Building upon the conceptual foundations evident in previous work such as Pixel Asphyxial – which addressed memory’s fallibility and the paradox of digital permanence – Collages marks a significant evolution in material practice. Alongside intricate woven photographic pieces, Callaghan introduces large-scale, layered suspended textiles and timber-based photographic assemblages. These new formats function as spatial interventions and structural supports, transforming fragmented two-dimensional imagery into immersive environments and object-based constructions. The suspended textiles suggest ethereal screens or veiled spaces, whilst the timber assemblages evoke ritualistic artefacts or archival containers, grounding the ephemeral quality of the collaged image within a tangible materiality.

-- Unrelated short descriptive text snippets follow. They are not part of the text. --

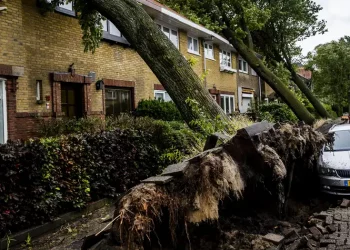 Stuhia e rrallë sjell vdekje dhe kaos në trafik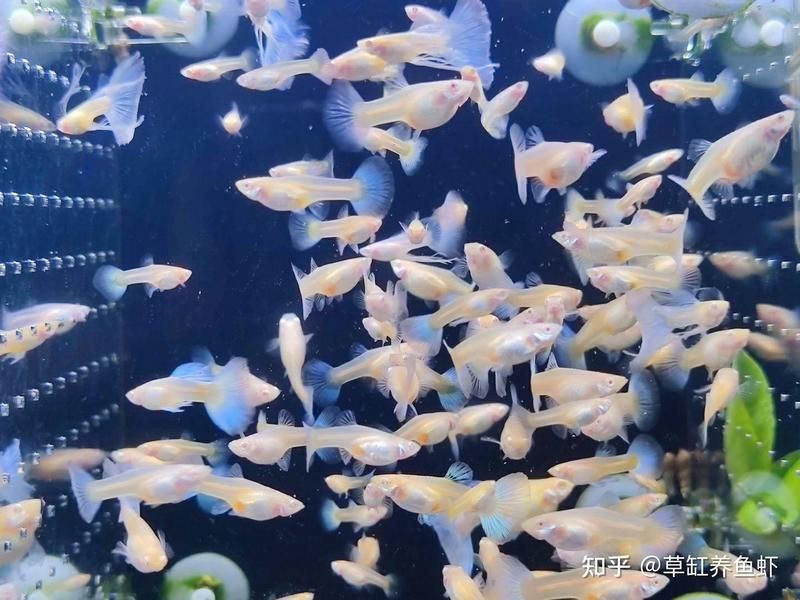 錦鯉浮頭但是不缺氧【錦鯉浮頭并非缺氧的情況較為復雜，錦鯉浮頭并非削弱血液】 錦鯉浮頭但是不缺氧【錦鯉浮頭并非缺氧的情況較為復雜，錦鯉浮頭并非削弱血液】 龍魚百科 第13張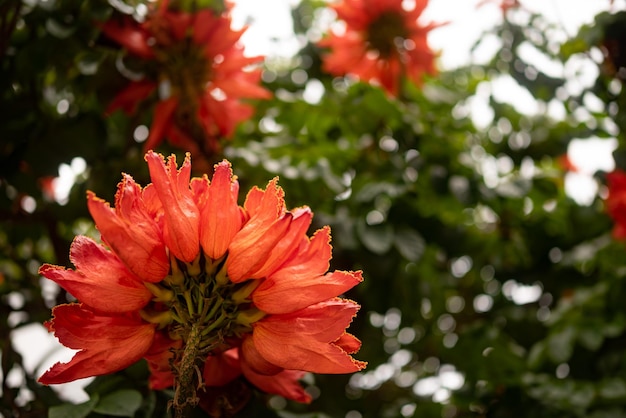 Afrikanische Tulpenbaumblume Orangefarbene Blütenblätter in Nahaufnahme zwischen grünen Blättern Üppige Blüte mit gelbem Umriss Orangefarbene tropische Blume von Spathodea campanulata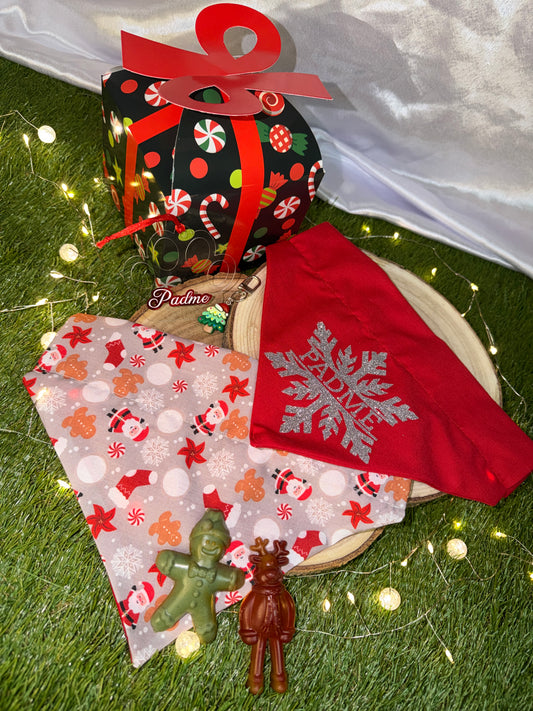 Santa Paw's Gift Box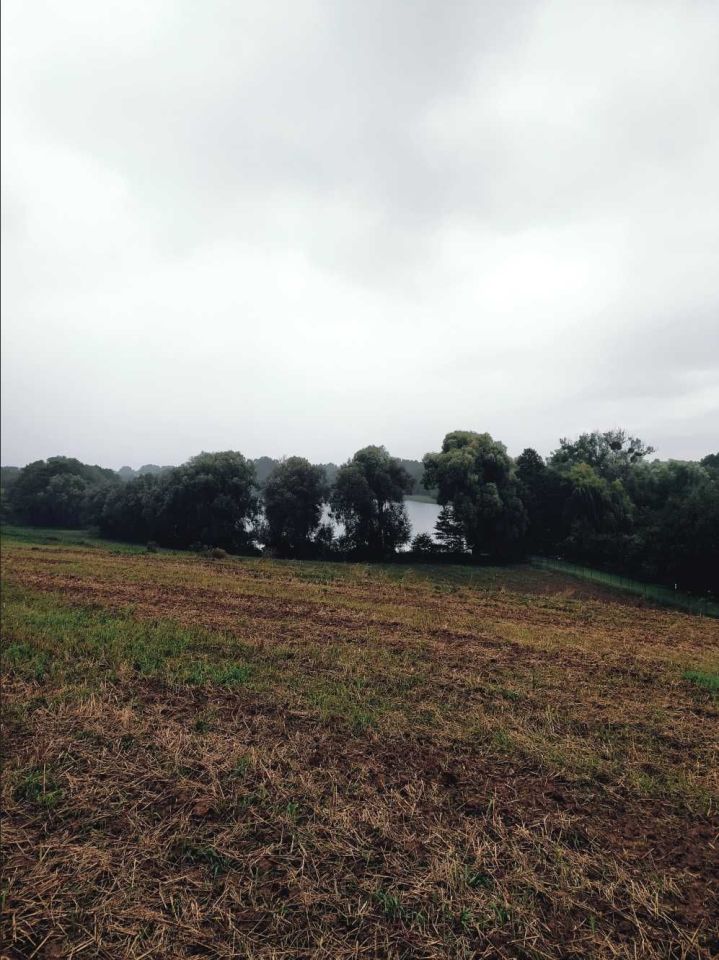 Działka rolno-budowlana Trąbin-Rumunki. Zdjęcie 6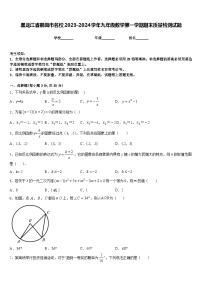 黑龙江省鹤岗市名校2023-2024学年九年级数学第一学期期末质量检测试题含答案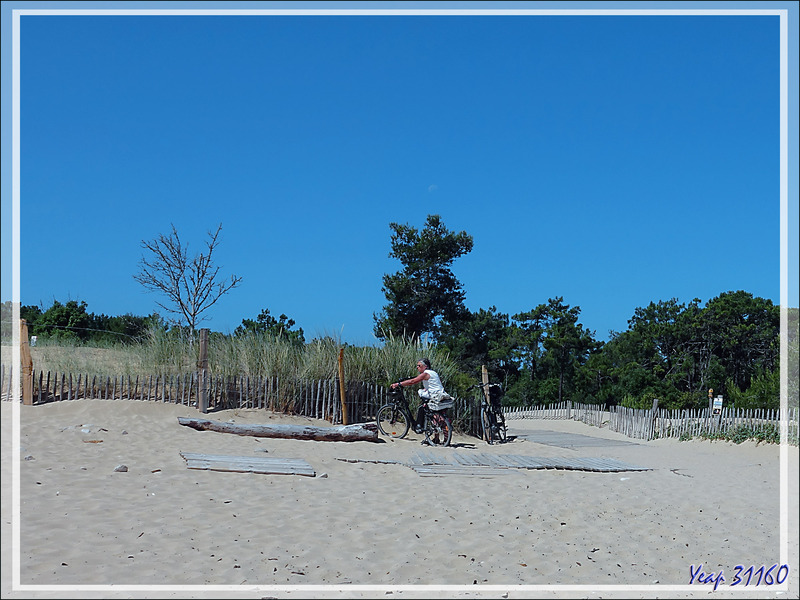 A la Plage de Trousse-Chemise - Les Portes-en-Ré - Île de Ré - 17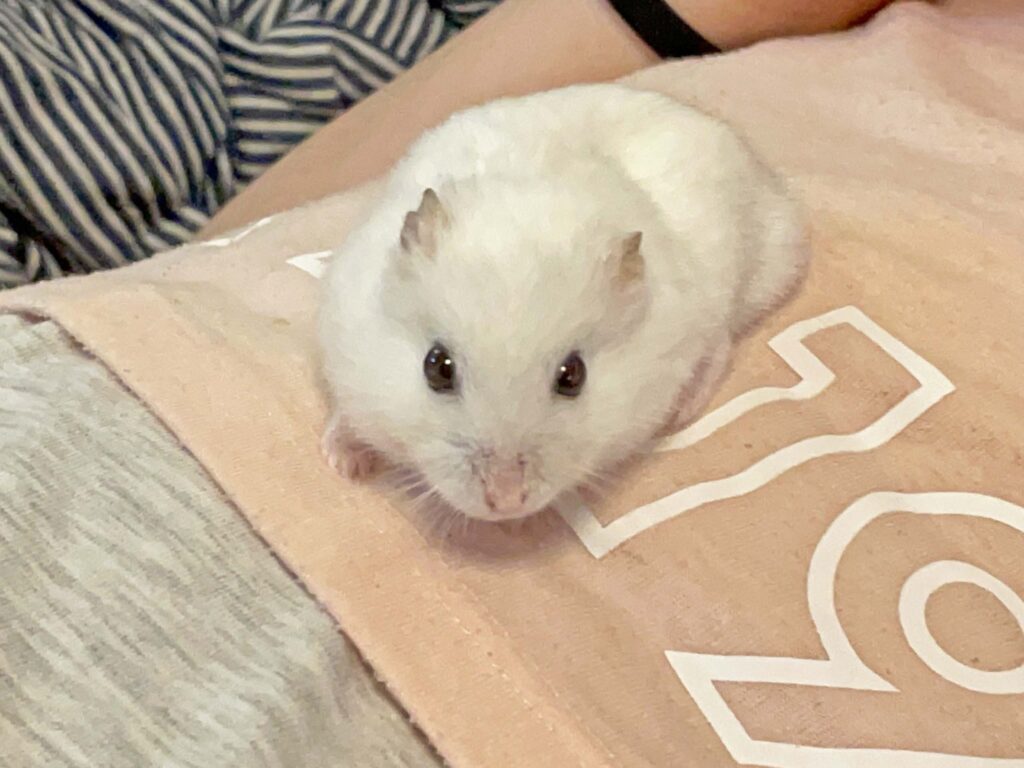 ハム公🐹（仮名）観察日記696：ハム公🐹（仮名）長女に遊ばれる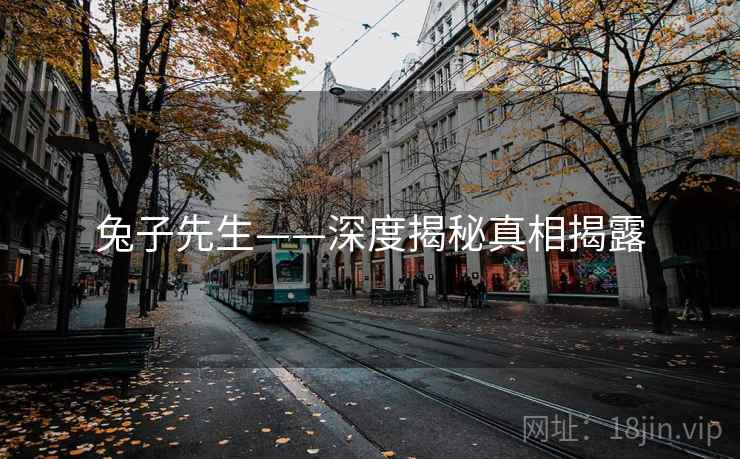 兔子先生——深度揭秘真相揭露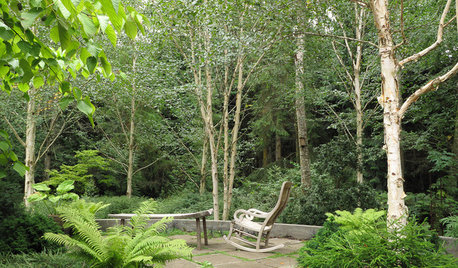 Create a Home To Help You Care for a Loved One With Dementia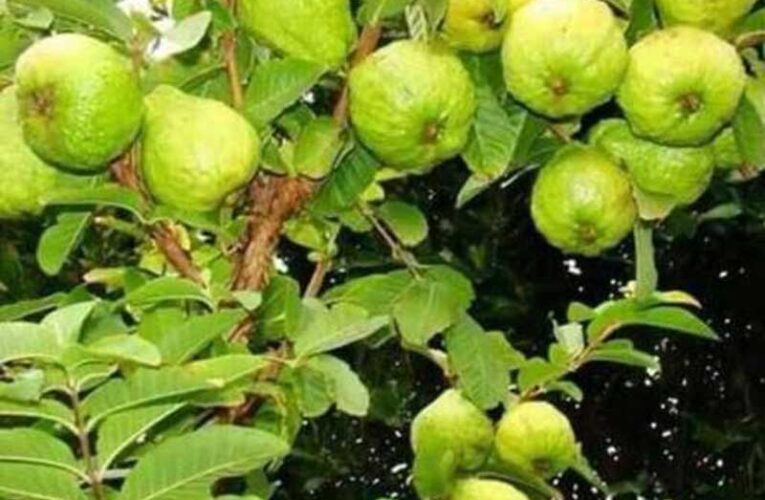 Farmer earns Rs 24 lakh annually through VNR guava farming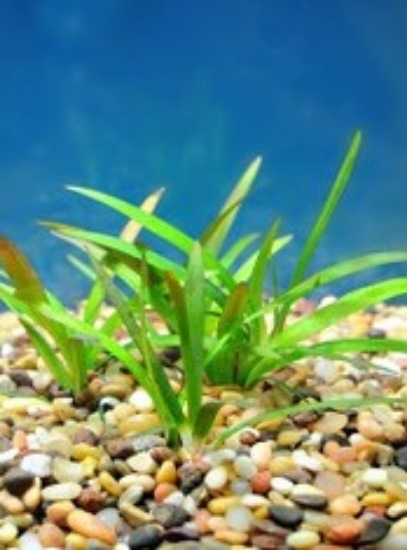 Picture of PLANT-BROADLEAF SAGITTARIA CANNOT BE SHIPPED TO WA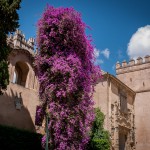 Alcazar, Bougainvillea, Sevilla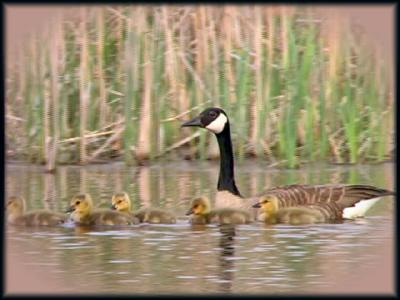 geese=1 AE.JPG   N/A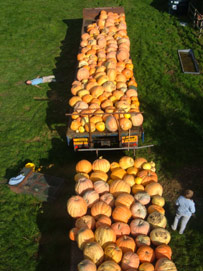 Pumpkins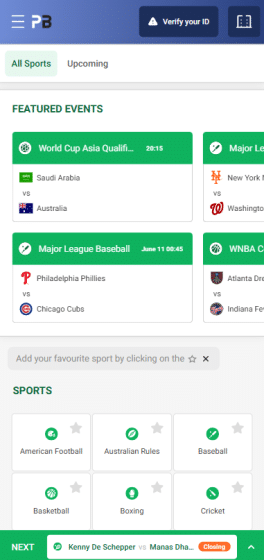 Palmerbet sports betting options
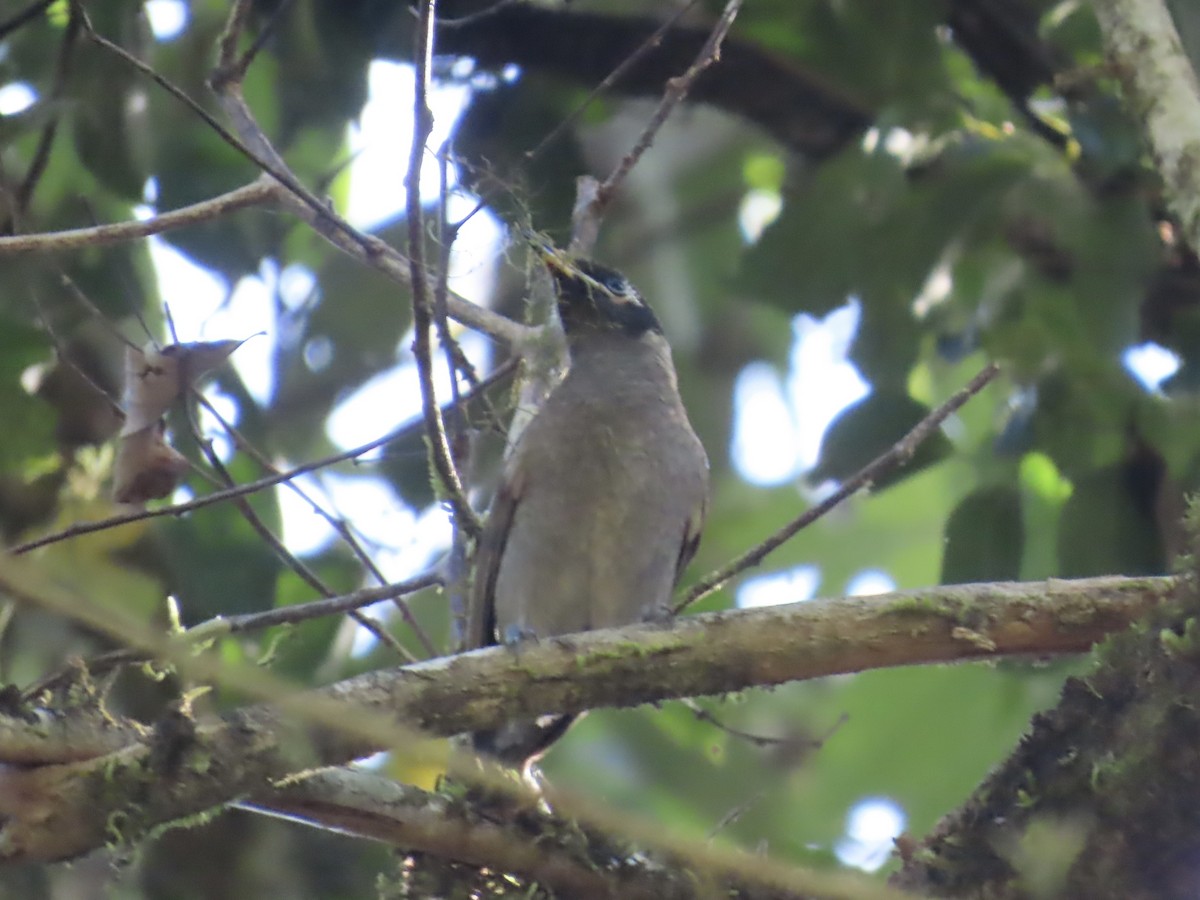 Bridled Honeyeater - ML643100891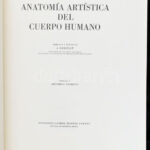 Barcsay, Jenő: Anatomía artística del cuerpo humano. Barcelona, 1982., Daimon. Spanyol nyelven. Kiadói egészvászon-kötés. - Image 2
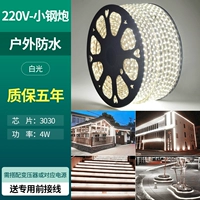 100 метров [маленькая стальная пушка 220 В, белый свет] 10 разъемов в комплекте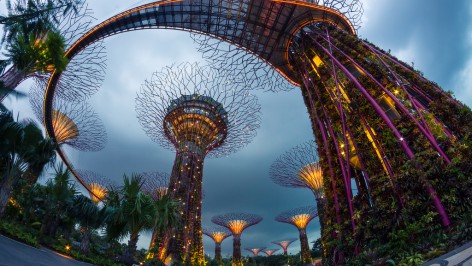 Gardens by the Bay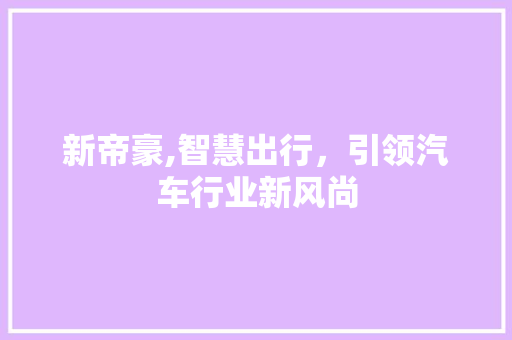 新帝豪,智慧出行，引领汽车行业新风尚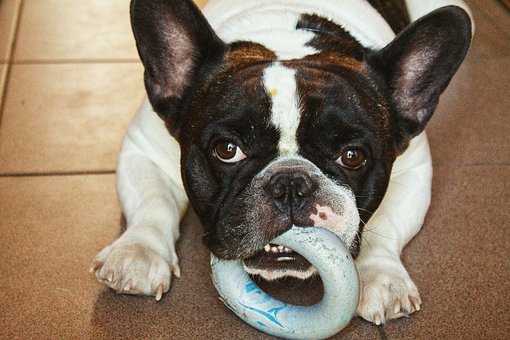 Free French Bulldog Dog photo and picture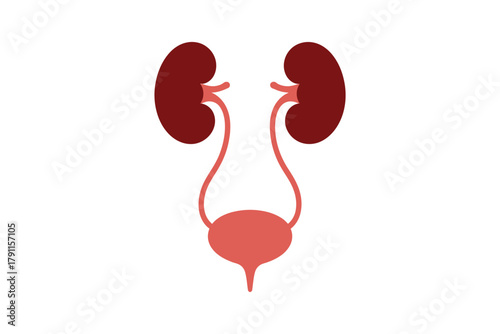 Human kidney and bladder anatomy with ureters medical diagram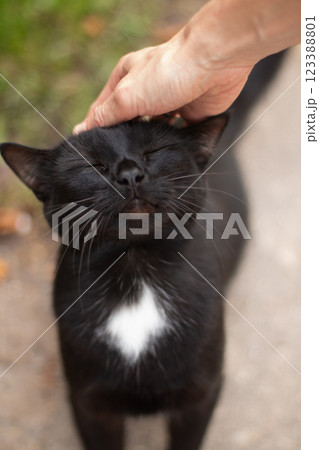 "Hand Gently Petting a Content Black Cat's Head" "Hand Gently Petting a Content Black Cat's Head" 123388801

Through this expanded practice, Callaghan critically engages the mechanics of vision and representation. The systematic deconstruction of source imagery – whether found botanical illustrations or her own ‘moments chosen... to live in perpetuity’ – and their meticulous reconstruction via weaving and assemblage directly confronts photography’s presumed indexicality. This labour-intensive process deliberately introduces subjective distortion and temporal dislocation, generating disorienting compositions that destabilise singular readings. Oscillating between analogue handcraft and digital origins, Callaghan’s work compels a reconsideration of identity, the female gaze, and the nature of the photographic document itself within an era of overwhelming visual saturation.